-- Recorded information --
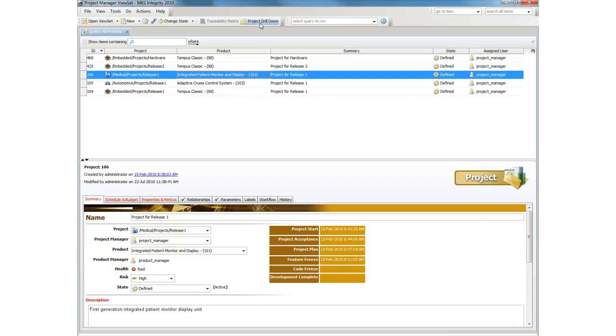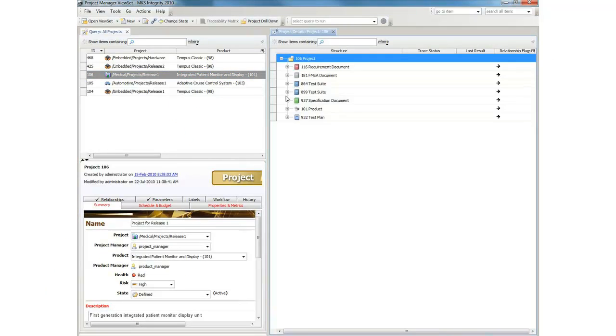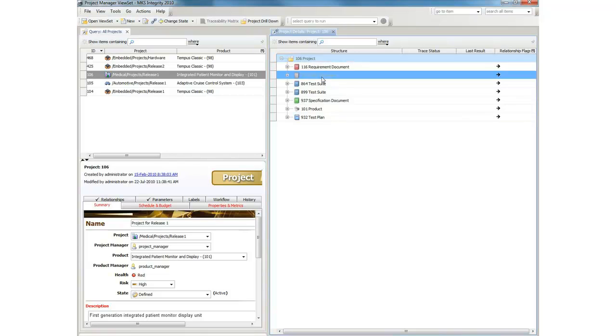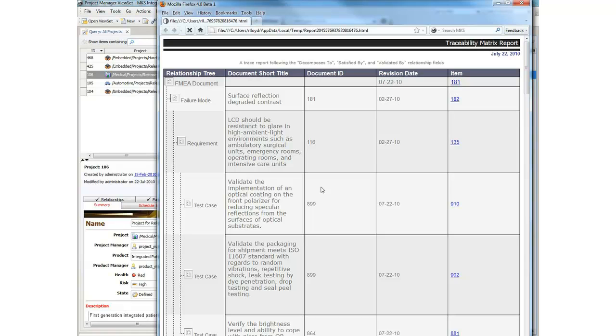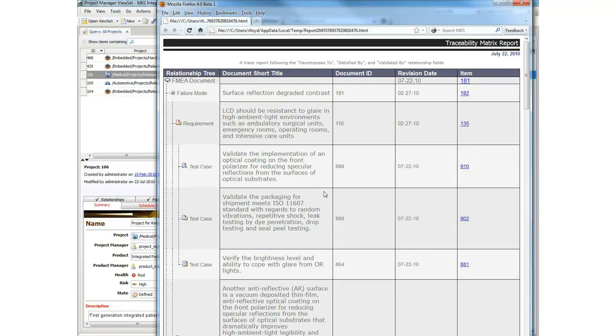The project manager selects the appropriate report at the appropriate level of the project, and MKS Integrity generates a report that can be shared with the FDA or other stakeholders in the project. These reports are configurable and can be tailored to your organization's exact needs.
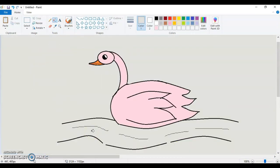That's it. You are done with your swan. Wasn't that easy? If you like the video give it a thumbs up. Do subscribe to my channel. If you want me to make something in Paint, do write in the comment section below. And do share it with your friends. See you then. Goodbye.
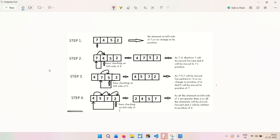Let's look at the diagram on the dashboard. We have an array: 7, 4, 5, 2. The first element at position zero is 7, and the next element is 4. Insertion sort compares them, and since 7 is greater than 4, 7 is moved one step forward and 4 is moved one step backward. So the array changes from [7, 4, 5, 2] to [4, 7, 5, 2].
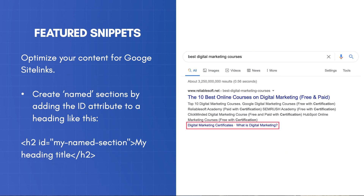If you want to take it a step further, make sure that you create named sections within your list by adding the ID attribute to a list item. This makes the particular named section accessible directly through the post URL, and Google picks that up and enriches the presentation of your snippet with post site links.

-- Aim of the exercise --
Would you copy out all the data exactly, without the images?

-- Problem solution --
The project manager selects the appropriate report at the appropriate level of the project, and MKS Integrity generates a report that can be shared with the FDA or other stakeholders in the project. These reports are configurable and can be tailored to your organization's exact needs.
That's it. You are done with your swan. Wasn't that easy? If you like the video give it a thumbs up. Do subscribe to my channel. If you want me to make something in Paint, do write in the comment section below. And do share it with your friends. See you then. Goodbye.
Let's look at the diagram on the dashboard. We have an array: 7, 4, 5, 2. The first element at position zero is 7, and the next element is 4. Insertion sort compares them, and since 7 is greater than 4, 7 is moved one step forward and 4 is moved one step backward. So the array changes from [7, 4, 5, 2] to [4, 7, 5, 2].
If you want to take it a step further, make sure that you create named sections within your list by adding the ID attribute to a list item. This makes the particular named section accessible directly through the post URL, and Google picks that up and enriches the presentation of your snippet with post site links.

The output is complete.